The failure to agree now hints at a likely similar failure in 2020 as APNU exercises dominance. Whether the coalition survives beyond 2020 or not, Minister Khemraj Ramjattan’s prediction that the AFC would be “dead meat” if it coalesces with APNU may still be realised. But both parties tried to put a brave face on the disagreement. The AFC’s statement said soothingly that the “…decision…does not, in any way, change the AFC’s position on coalition politics at the national level.” Mr. Trotman, displaying relief, said “the AFC was not rejected by APNU.” Reflecting these sentiments, President Granger said that both the AFC and APNU remain committed to coalition politics. But APNU has made a serious mistake in seeking to marginalise the AFC. It was the AFC that helped the coalition to clinch victory in 2015. If it demonstrates continuing resilience, it will be needed in 2020.
AFC’s public statements show that it welcomed the opportunity to test its electoral strength, although this could have been bravado, as it could hardly say otherwise. In any event, while local government elections is not the most accurate test because voter turnout is usually low, at just over 30 percent, there would be some indication as to whether the AFC would be capable of assisting APNU in gaining a majority in 2020 or if a coalition would fall short.
Formal coalition politics have now been tried twice in Guyana – between the PNC and UF in 1964 and between APNU and AFC in 2015. The 1964 PNC-UF coalition failed by the 1968 elections, because it obstructed the PNC’s ability to dominate. After two elections, with only 5 seats in 2006 and 7 seats in 2011, the AFC coalesced with APNU in 2015 to break the 23-year rule of the PPP/C. However, the AFC has not, or could not, live up to its promise to break the stranglehold of ethnic politics and dominance. Its coalition with APNU, which many had felt was a promising start to the AFC’s agenda, turned out to be a disappointing subservience, resulting in the same governance systems that bred corruption and other evils in the past. The AFC might be vocal in private, we don’t know, but the ethno-political divisions are roaring forward into the oil economy. The Civic part of the coalition with the PPP in 1992 dwindled and the coalition eventually suffered the same fate, for the same reason.
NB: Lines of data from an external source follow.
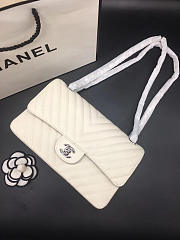 Chanel Flap Bag Caviar White Bag 25cm with Silver Hardware - 6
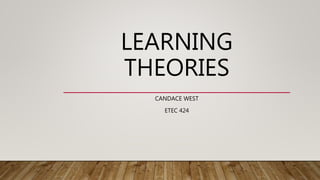 LEARNING
THEORIES
CANDACE WEST
ETEC 424
 
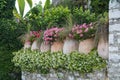 Beautiful flower pots in Saint-Paul de Vence in France Royalty Free Stock Photo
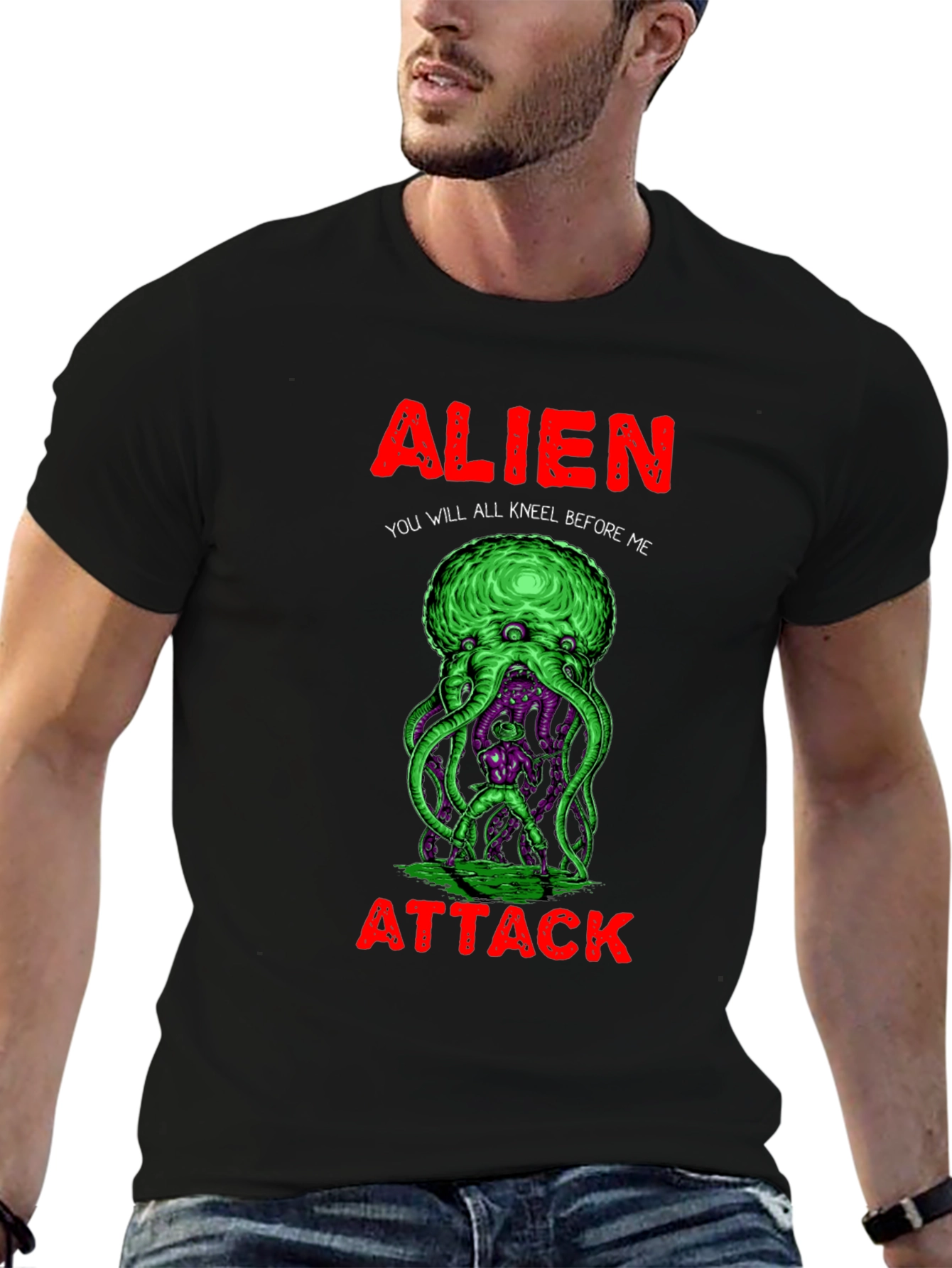 Black Alien Attack Graphic T-Shirt view 6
The travails of the AFC do not mean that third party politics in Guyana is dead. There is a growing middle-class and youth population, including many formerly sympathetic to the AFC, and some supporters and former supporters of the main parties that have no stomach for the ethnic politics that have defined our modern political existence. The groups that were close to the AFC had bought in to its promise to end ethnic politics, even as it entered into a coalition with APNU, giving the coalition the benefit of the doubt. They are now satisfied that, however good the intentions of the AFC may have been, it has been unable to influence the APNU to pursue the constitutional reforms that it promised in 2015 which would have had a major impact on ethnic politics. And in relation to governance in its broad sense, there has been no change or improvement from the past. A different style has not led to a different substance or outcome.
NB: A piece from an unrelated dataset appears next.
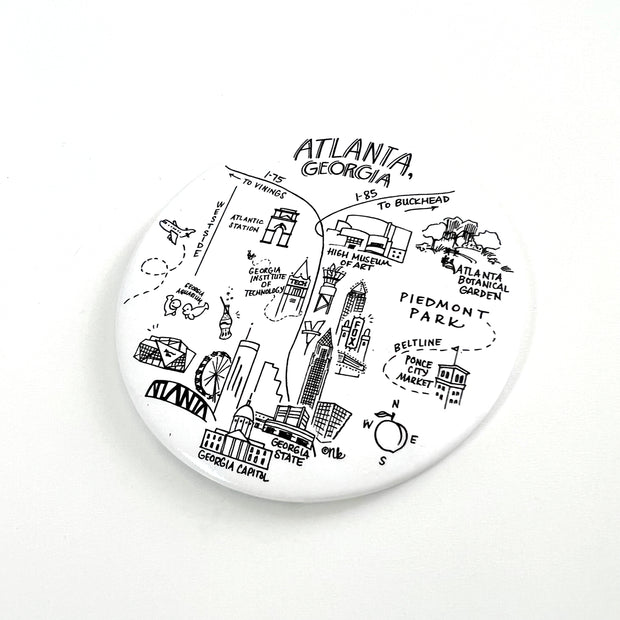 Atlanta, Georgia Map Magnets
Guyana needs a third party that will not join either of the major parties in a coalition, unless it wins a majority or plurality, because the inevitable result is that it will be entrapped into ethnic politics. The main parties reflect the interests of our main ethnic groups. If either alters this reflective characteristic, it will lose the support of its ethnic base, and this neither party can afford. A third party, however, if it gains sufficient support, can broker a coalition between the two main parties, or support the party which obtains a plurality in return for promoting the alteration of the constitution to engender the necessity for multi-ethnic politics and multi-party, collaborative, governance.
The starting point for discourse can be APNU+AFC’s manifesto promises at the 2015 elections for constitutional reform, which are: separate presidential elections, the candidate with the second highest votes becoming the prime minister and each party obtaining at least 15 percent of the votes having a place in the government proportionate to its support.